Mataram (Detikntbcom) – Seleksi Pegawi Pemerintah dengan Perjanjian Kerja (PPPK) Tenaga Kesehatan (Nakes) tidak selamanya membuat Nakes bersorak gembira.
Pengabdian mereka yang bertahun-tahun hingga belasan tahun harus kembali diuji kapasitasnya dengan harus mengikuti seleksi dengan cara tes terbuka. Siapa yang paling tertinggi nilainya maka ia lulus sebagai PPPK.

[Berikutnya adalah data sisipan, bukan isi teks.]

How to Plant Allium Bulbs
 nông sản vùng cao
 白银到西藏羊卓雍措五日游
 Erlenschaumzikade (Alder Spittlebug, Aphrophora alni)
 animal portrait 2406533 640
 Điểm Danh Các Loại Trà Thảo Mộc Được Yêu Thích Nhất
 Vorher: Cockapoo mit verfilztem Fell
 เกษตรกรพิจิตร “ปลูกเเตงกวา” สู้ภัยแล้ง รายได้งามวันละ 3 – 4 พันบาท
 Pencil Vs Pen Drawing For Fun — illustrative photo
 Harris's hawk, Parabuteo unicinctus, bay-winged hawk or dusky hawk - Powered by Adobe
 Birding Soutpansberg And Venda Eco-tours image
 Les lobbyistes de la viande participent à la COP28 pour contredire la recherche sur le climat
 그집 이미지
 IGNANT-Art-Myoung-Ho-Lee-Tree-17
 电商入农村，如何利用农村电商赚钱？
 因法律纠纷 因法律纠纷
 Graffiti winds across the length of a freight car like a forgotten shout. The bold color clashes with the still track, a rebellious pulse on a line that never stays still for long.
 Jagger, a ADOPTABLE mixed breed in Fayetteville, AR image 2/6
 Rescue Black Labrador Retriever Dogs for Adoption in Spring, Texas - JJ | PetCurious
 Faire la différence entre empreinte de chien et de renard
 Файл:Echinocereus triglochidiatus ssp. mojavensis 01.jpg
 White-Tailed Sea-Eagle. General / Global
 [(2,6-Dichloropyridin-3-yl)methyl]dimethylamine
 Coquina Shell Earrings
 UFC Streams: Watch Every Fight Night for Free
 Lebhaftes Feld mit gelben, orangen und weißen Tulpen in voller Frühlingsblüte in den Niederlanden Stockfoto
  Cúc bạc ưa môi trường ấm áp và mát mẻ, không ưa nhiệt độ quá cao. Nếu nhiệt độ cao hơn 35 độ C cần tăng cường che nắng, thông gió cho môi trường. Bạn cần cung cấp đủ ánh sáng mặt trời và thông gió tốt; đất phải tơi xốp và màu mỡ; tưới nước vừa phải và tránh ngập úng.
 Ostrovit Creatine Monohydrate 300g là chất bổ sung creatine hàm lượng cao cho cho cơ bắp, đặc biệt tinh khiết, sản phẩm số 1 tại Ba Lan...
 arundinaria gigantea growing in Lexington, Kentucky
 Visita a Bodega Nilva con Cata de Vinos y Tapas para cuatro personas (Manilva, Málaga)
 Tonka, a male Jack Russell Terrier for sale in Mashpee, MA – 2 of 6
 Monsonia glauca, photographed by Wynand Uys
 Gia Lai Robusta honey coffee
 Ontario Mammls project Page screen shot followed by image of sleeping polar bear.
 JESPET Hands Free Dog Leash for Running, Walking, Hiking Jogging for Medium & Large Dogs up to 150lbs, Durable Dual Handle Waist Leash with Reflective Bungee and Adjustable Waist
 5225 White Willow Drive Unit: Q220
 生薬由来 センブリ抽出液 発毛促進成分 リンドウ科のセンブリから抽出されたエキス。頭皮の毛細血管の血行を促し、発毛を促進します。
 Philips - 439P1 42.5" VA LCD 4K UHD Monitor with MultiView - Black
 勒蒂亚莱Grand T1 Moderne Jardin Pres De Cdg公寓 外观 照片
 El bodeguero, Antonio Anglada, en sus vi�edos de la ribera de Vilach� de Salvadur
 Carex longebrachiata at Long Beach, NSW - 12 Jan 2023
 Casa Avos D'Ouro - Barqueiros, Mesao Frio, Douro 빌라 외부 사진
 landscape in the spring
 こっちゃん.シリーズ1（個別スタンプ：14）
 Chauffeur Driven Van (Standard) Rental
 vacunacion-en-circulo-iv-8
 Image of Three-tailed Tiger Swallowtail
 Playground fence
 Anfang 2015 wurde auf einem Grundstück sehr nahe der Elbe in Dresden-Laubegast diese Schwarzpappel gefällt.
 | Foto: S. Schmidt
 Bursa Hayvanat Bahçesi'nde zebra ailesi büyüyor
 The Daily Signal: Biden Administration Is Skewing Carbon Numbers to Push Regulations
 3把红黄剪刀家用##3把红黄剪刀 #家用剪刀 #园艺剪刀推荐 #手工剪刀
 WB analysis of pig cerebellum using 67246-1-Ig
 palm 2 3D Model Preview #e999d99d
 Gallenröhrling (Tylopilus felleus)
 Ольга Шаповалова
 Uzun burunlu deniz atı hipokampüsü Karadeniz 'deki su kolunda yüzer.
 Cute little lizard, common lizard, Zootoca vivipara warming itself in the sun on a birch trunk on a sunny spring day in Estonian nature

Disatu sisi kuota yang disiapkan pemerintah di setiap Pelayanan Kesehatan (Yankes) sangat terbatas. Parahnya lagi hanya persoalan teknis penginputan data, banyak Nakes tidak diloloskan secara administrasi untuk mengikuti seleksi PPPK yang direncakan akan berlangsung Desember mendatang.
Wakil rakyat di DPRD NTB tegas mengkritik kebijakan pemerintah tersebut. Pemerintah terkesan tidak menghargai masa lama pengabdian mereka. Jeritan Nakes itu harus ditanggapi serius pemerintah pusat.
“Kami akan sampaikan semua permasalahan Nakes kita di daerah ini ke Pusat,” tegas anggota Komisi V DPRD NTB, Buhari Muslim di Mataram, Minggu 27 November 2022.
“Jeritan” para Nakes itu harus didengar. Supaya pemberlakukan kepada Nakes itu berkeadilan.
“Ini supaya ada keadilan (bagi Nakes),” kata Politis NasDem itu.
Pemerintah Pusat jangan terkesan menghalang-halangi orang untuk ikut berkompetensi. Persoalan lulus tidaknya menjadi urusan belakang. Jangan lantaran masalah teknis mengupload data dengan mudah tidak meloloskan orang. Terkecuali tidak punya Ijazah sesuai profesinya mungkin wajar tidak diloloskan.
“Apa susahnya meluluskan orang di adminitrasi. Masalah selanjutnya kan terganutung hasil kompetensi. Toh mereka ikut tes,” tegasnya.
Salah satu kasus Nakes di Lombok Tengah yang didapatkan informasinya dimana Nakes yang berprpofesi Bidan tersebut tidak menempel materai berbeda di dua surat lamaran dan surat pernyataan yang di upload di sistem SSCN padahal itu tidak disengajanya.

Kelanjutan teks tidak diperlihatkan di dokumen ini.